Van Rooy liep hier elke ochtend langs, onderweg van zijn huis aan de Oldenzaalsestraat naar school. Nu draagt hij een zelfgeschreven gedicht voor. De burgemeester heeft niets op papier staan. Hij haalt vier verschillende kinderen uit het publiek en vraagt ze waarom ze weg zouden moeten. Alle vier reageren ze met een schouderophalen: “Ik weet het niet.” Het is, zegt de burgemeester, het enig juiste antwoord. Samen met de kinderen veegt hij het zand boven vier messingkleurige blokjes in de stoep weg,Stolpersteine (struikelstenen) die blijvend herinneren aan de Pagrachs. “Zes miljoen vermoorde Joden, daar heb je geen beeld bij. Maar het waren allemaal individuen, net als deze vier mensen met hun vier verhalen.”
Gedichten
Kinderen van de Anninksschool en Titus Brandsmaschool dragen eigen gedichten voor en leggen oranje rozen neer. Fietsers stappen af. Een buurtbewoner in bermuda kijkt toe, uit een van zijn broekzakken steekt een blikje energiedrank. Een vrouw van buitenlandse afkomst, haar Gazelle behangen met plastic tassen, vraagt of ze er even door mag, ‘alsjeblieft’. Een enkele omstander kijkt haar verstoord na. De vrouw heeft waarschijnlijk geen idee wat hier gebeurt.
Schuld
Dan is de ceremonie voorbij. Een keurig gekapte oude dame keert terug naar het huis waar ze ook in 1942 al woonde. “Het gebeurde geregeld dat mijn moeder ‘s ochtends wakker maakte en vertelde dat er weer mensen waren weggevoerd. Als kind had je geen idee van wat er met hen gebeurde.” Een jongere buurtbewoonster met een Joodse achtergrond vertelt dat ze schrok toen ze hoorde dat de Stolpersteine een initiatief zijn van de Duitse kunstenaar Günter Demnig. “Ik begreep dat het zijn manier is om plaatsvervangend schuld te bekennen voor zijn vader, een nazi die zich nooit voor zijn daden heeft willen verantwoorden.” Toch houdt ze haar twijfels of de motieven van Demnig deels niet ook commerciëel zijn.
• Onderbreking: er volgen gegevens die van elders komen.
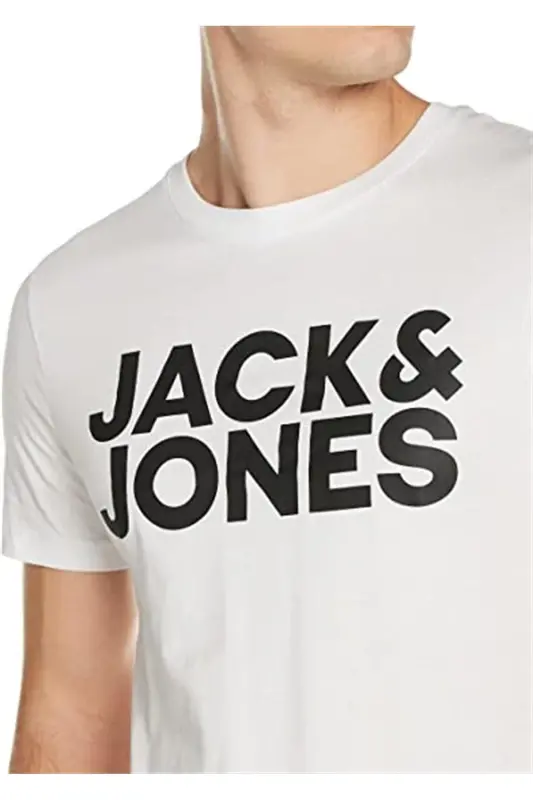 Erkek Bisiklet Yaka Logo Baskılı Tişört - Corplogo-White - 5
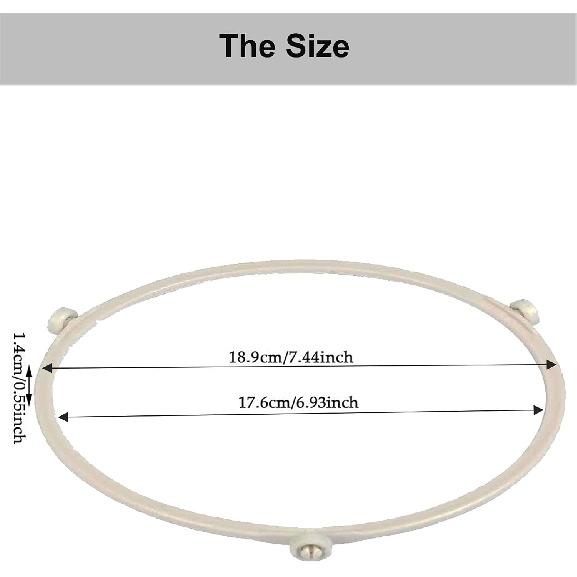 10.6"-12.4" Microwave Turntable Ring, 7.44 Inch Rotating Ring Roller, Middle Glass Plate Tray Support Holder, Replacement Inner Ring - for Microwave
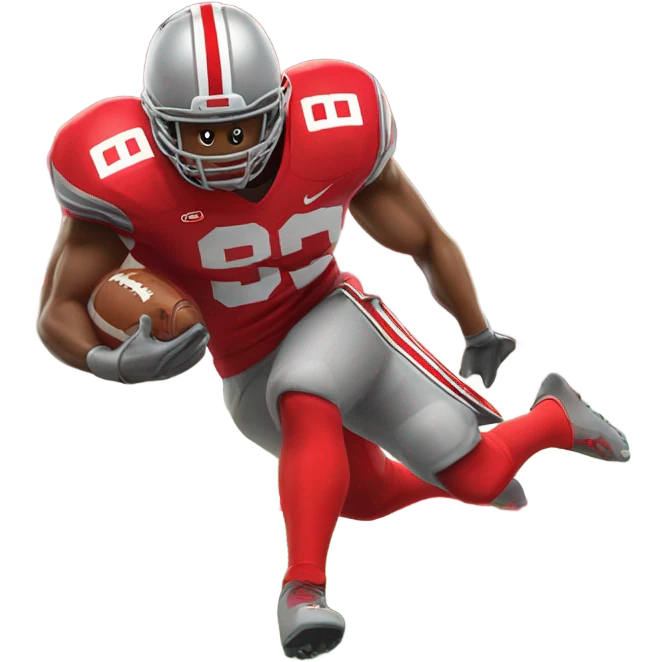 Ohio state football player scoring a touchdown emoji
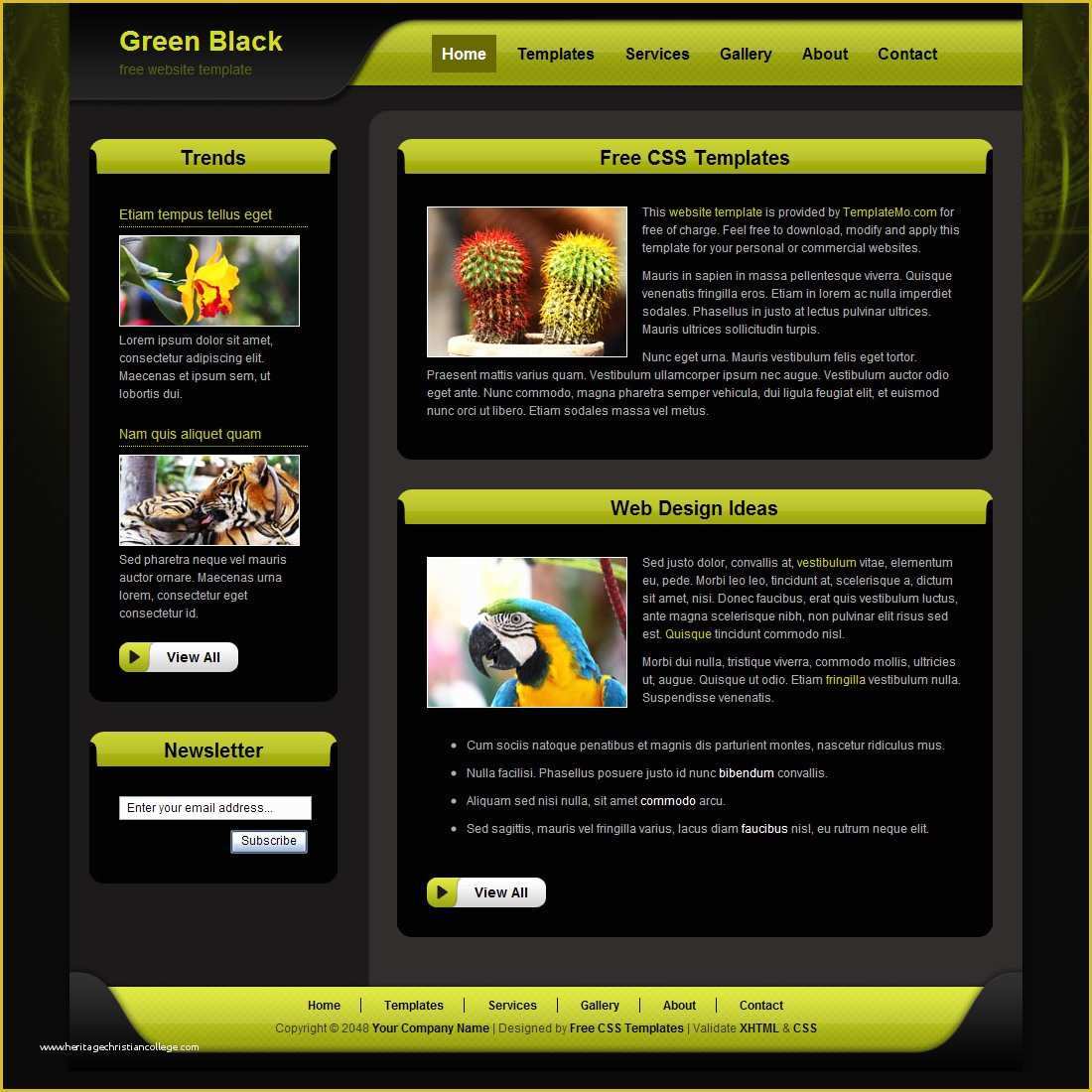 Fixed Header Website Templates Free Download Of Template 183 Green Black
De burgemeester is al weg wanneer de vertegenwoordiger van het organiserend comité op zijn fiets stapt. Hij neemt het emmertje met een rest zand en de bezem weer mee.
Een paar uur later staat tussen de rozen een potje met mini-margrietjes op de stoep.
Naschrift: Een dag na de onthulling ontdek ik tot mijn stomme verbazing dat de gedenksteentjes alweer zijn verdwenen. Op de plek van de messing vierkantjes en de klinkers eromheen liggen nu weer gewoon vier trottoirtegels. Ik bel aan bij het huis en de bewoonster vertelt dat dat is omdat de straat binnenkort wordt opgebroken. Met de nieuwe bestrating zullen ook de Stolpersteine weer terugkeren. “U bent niet de eerste die ernaar vraagt. Ik zal een briefje op de deur hangen.”